DIE BREITE MITTE IM DRIVER SEAT
In der Schweiz wird im Oktober 2023 wieder gewählt. Es wird wie immer einen energischen Wahlkampf geben. Es wird von Links und Rechts um jede Stimme gekämpft. Es wird gewählt. Das Resultat wird aber sein, dass die Regierung der Schweiz aus einem breiten politischen Spektrum zusammengesetzt wird. Die sogenannte “Zauberformel” wird angewandt, die dafür sorgt, dass die grösseren Parteien von links bis rechts Bestandteil der Regierung werden. Und so finden sich am Ende in der Schweiz 70-80 % aller Wählenden in ihrer Regierung wieder. Warum werden in der Schweiz keine Koalitionen gebildet, die reichen, um eine Mehrheit von etwas über 50% zu erreichen? Der Grund liegt bei den Volksabstimmungen.
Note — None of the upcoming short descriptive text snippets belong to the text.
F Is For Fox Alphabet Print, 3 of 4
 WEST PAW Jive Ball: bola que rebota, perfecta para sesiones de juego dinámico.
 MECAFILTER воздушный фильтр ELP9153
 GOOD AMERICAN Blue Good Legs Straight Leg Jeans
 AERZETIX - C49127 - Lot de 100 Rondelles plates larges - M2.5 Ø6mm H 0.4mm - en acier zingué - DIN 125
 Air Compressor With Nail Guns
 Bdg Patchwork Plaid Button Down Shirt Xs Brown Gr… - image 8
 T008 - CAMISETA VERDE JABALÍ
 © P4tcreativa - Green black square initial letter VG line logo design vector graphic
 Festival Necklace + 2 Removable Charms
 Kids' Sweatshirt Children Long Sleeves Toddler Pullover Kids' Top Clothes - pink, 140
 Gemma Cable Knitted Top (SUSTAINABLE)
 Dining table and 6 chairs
Dieses starke Schwert des Souveräns würde es einer Regierung, die nicht die breite Mitte der Bevölkerung repräsentiert, unmöglich machen “durchzuregieren”. Die Regierung würde durch das Volk regelmässig per Volksabstimmung gestoppt.
"Winner takes all" verhärtet die Fronten
Im krassen Kontrast dazu stehen “Winner Takes All” Demokratien, wie wir sie z.B. in den USA kennen. Die Stimmen des Verlierers in einem Wahlkreis gehen quasi komplett verloren. 2016 erhielt Donald Trump 2,87 Mio. Stimmen weniger als Hillary Clinton, gewann aber dennoch die Wahl, weil er mehr Wahlkreise für sich entscheiden konnte als seine Rivalin. Es reichten 63 Mio. Stimmen und damit 19,5% der Bevölkerung, um die USA zu regieren. Wenn eine Regierung dann eine eher spaltende politische Agenda hat, wie es im Falle von Donald Trump zweifellos der Fall war und ist, repräsentiert dieser Präsident einen Rand der Gesellschaft, die breite Mitte aber nicht.
Gesellschaftliche Herausforderungen mit enormem Spaltpotenzial brauchen breiten Konsens
Unsere Fähigkeit, die Zukunft der Menschheit zu gestalten, nimmt exponentiell zu. Immer schneller können wir bahnbrechende Veränderungen auf den Weg bringen – mit offenem Ausgang, ob diese uns nützen oder schaden.
Künstliche Intelligenz wird eine Kraft entwickeln, die die konsolidierte Denkleistung der Menschen in vermutlich weniger als einer Generation in den Schatten stellt. Genmanipulation wird uns von vielen Krankheiten befreien, aber auch den vor Geburt durchdesignten Menschen möglich machen. Der Kampf der politischen Systeme auf globaler Ebene nimmt an Härte zu, kriegerische Auseinandersetzung entlang dieser Linie häufen sich. Dies sind nur drei Megatrends, die uns vor enorme Herausforderungen stellen. Wenn bei solch fundamentalen Fragen regelmässig eine Hälfte verliert und eine andere gewinnt, werden die Resultate extrem sein und keinen breiten gesellschaftlichem Konsens erreichen.
Natürlich kann man diesen Konsens auch in einem demokratischen System finden, wie es die USA oder Grossbritannien kennen. Wenn die Pole einer Gesellschaft aber “auf Krawall gebürstet” sind, ist es deutlich schwieriger, eine Politik des Konsenses in der breiten gesellschaftlichen Mitte zu fahren.
Die US-Wahlen 2024 werden wieder viele frustrierte Verlierer hinterlassen. Dies zu verhindern, wäre eigentlich “the name of the game” dieser Tage, um eine immer tiefere Spaltung der Gesellschaft zu verhindern und die grossen Themen der Zukunft breit abgestützt anzugehen. Eine Regierung am einen oder anderen Ende des Spektrums ist Gift für den gesellschaftlichen Konsens.
Es ist nicht leicht, dieses Problem zu lösen. Grundlegende Wahlreformen sind wohl eher unwahrscheinlich, zu viel hängt an den bestehenden Systemen dran. Linderung könnte die Einführung von Volksabstimmungen Schweizer Art als zusätzliches Demokratieelement bringen. Sie haben den grossen Vorteil, dass, nachdem der Souverän gesprochen hat, einige nicht für eine gesamte Wahlperiode “Verlierer” sind, sondern weiter mit gestalten können. Und es diszipliniert Regierungen dazu, den breiten Konsens zu suchen.